> **DIRECTIONS FOR THIS TASK**
The records below must be transcribed exactly. Do not include the pictures.

> **EXTRACTED ENTRIES**
>>>>>
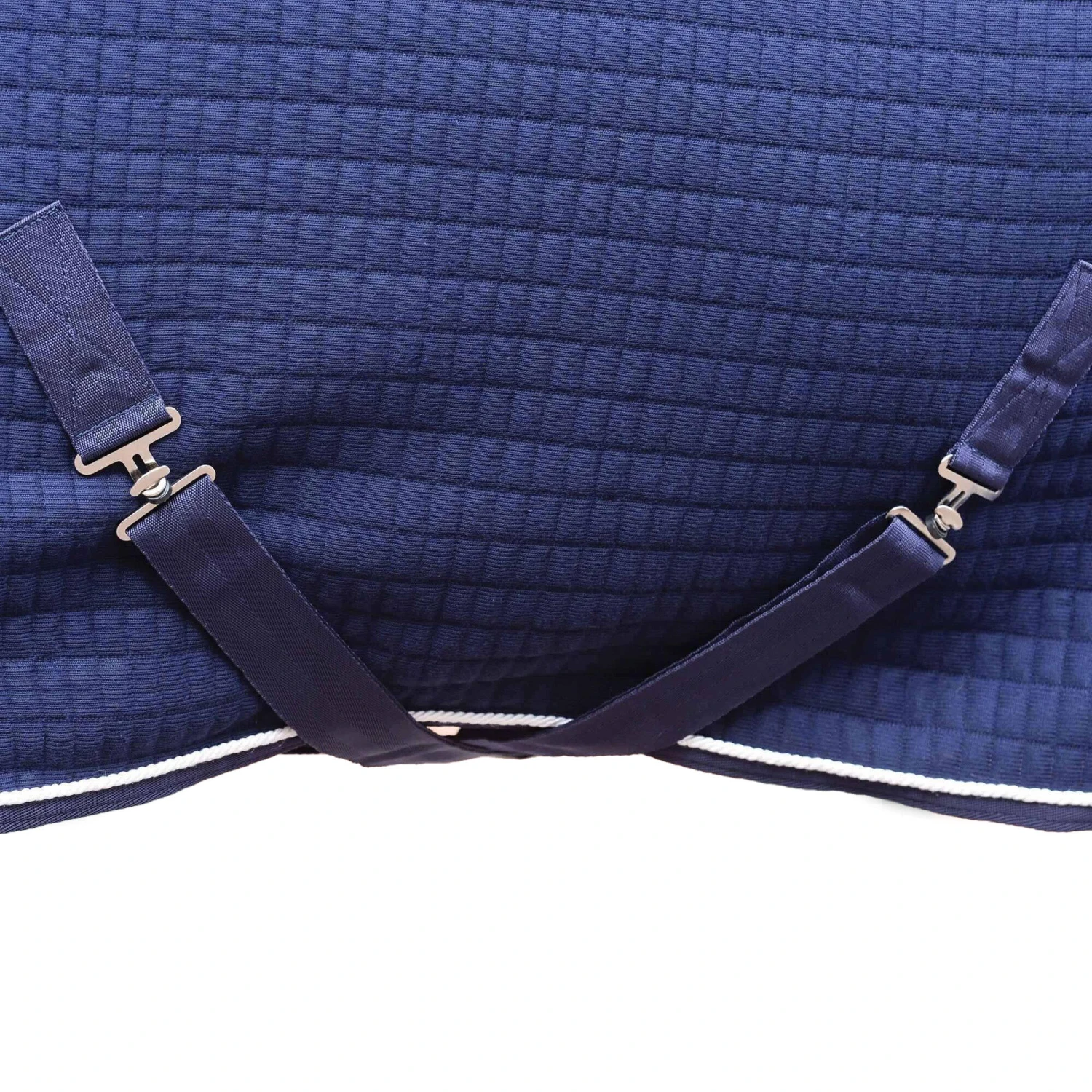 Weatherbeeta Thermocell StandardNeck Horse Cooler Rug (Navy/White) 3 Weatherbeeta Thermocell StandardNeck Horse Cooler Rug (Navy/White) - Image 3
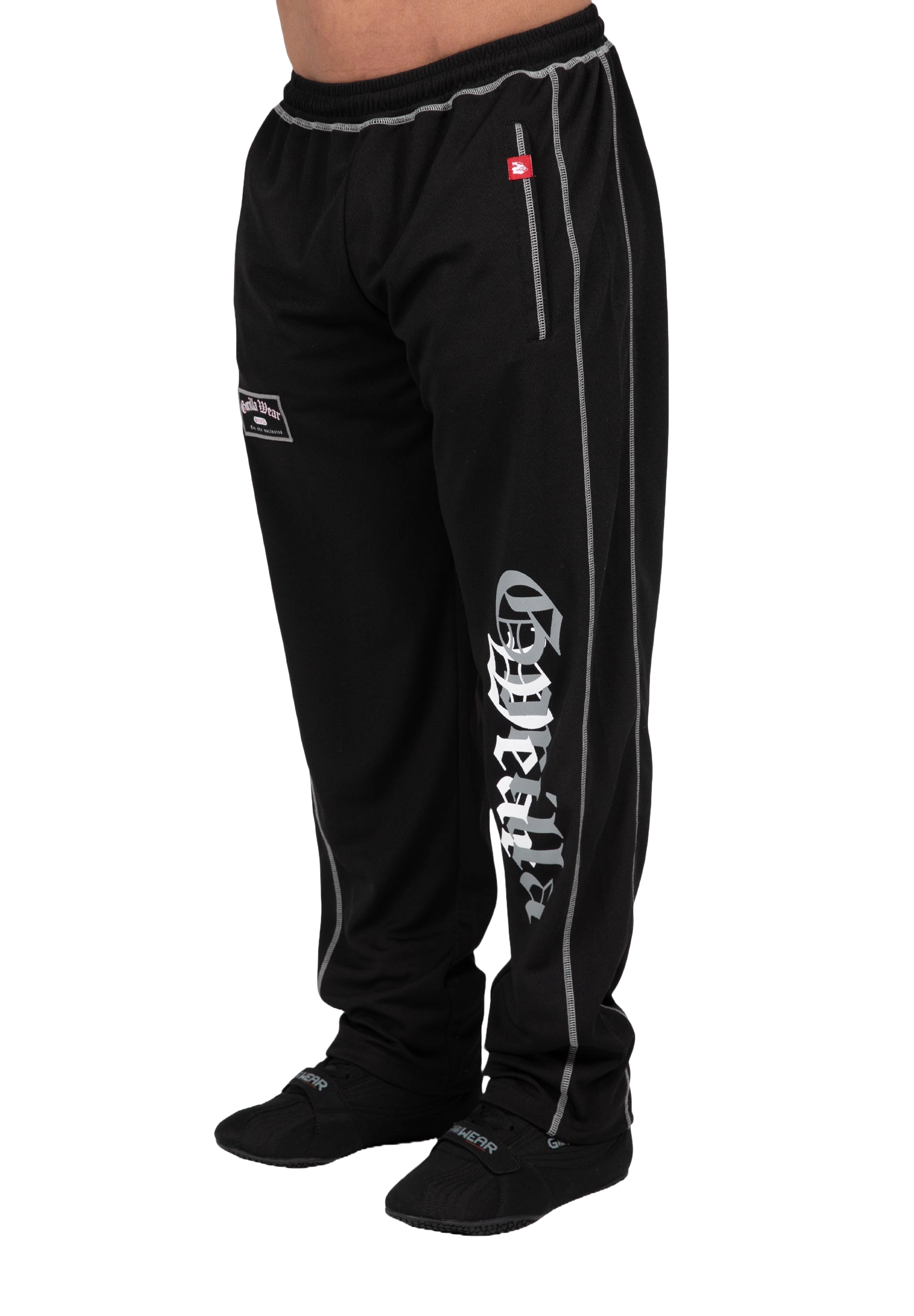 Marlow Mesh Pants, black/grey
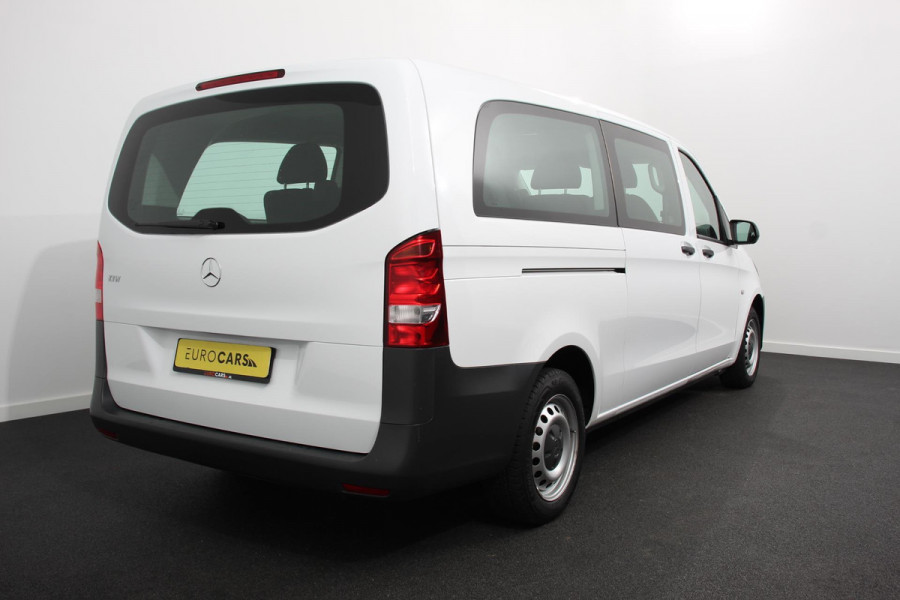 Mercedes-Benz Vito Tourer 114 CDI Automaat Pro Extra Lang incl. BTW en BPM 8 persoons Navigatie Airco Cruise Control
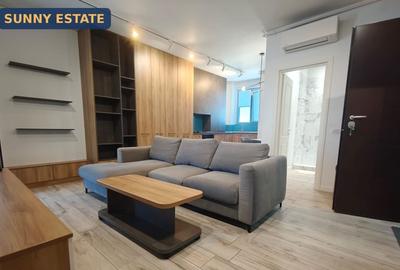 Apartament cu 2 camere semidecomandat, mobilat în Delfinariu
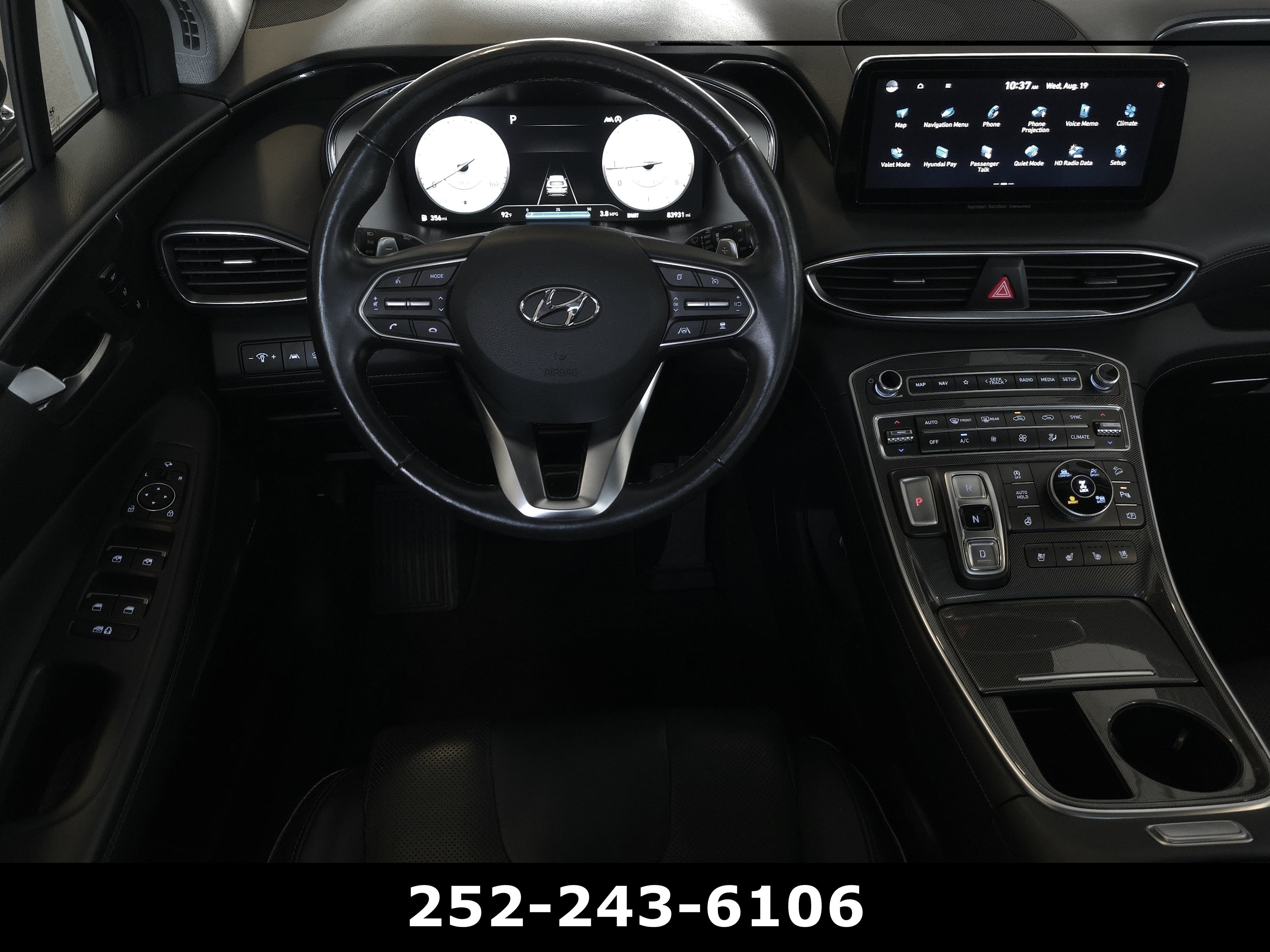 2022 Hyundai Santa Fe Limited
<<<<<
> **TASK OUTPUT**
 Weatherbeeta Thermocell StandardNeck Horse Cooler Rug (Navy/White) 3 Weatherbeeta Thermocell StandardNeck Horse Cooler Rug (Navy/White) - Image 3
 Marlow Mesh Pants, black/grey
 Mercedes-Benz Vito Tourer 114 CDI Automaat Pro Extra Lang incl. BTW en BPM 8 persoons Navigatie Airco Cruise Control
 Apartament cu 2 camere semidecomandat, mobilat în Delfinariu
 2022 Hyundai Santa Fe Limited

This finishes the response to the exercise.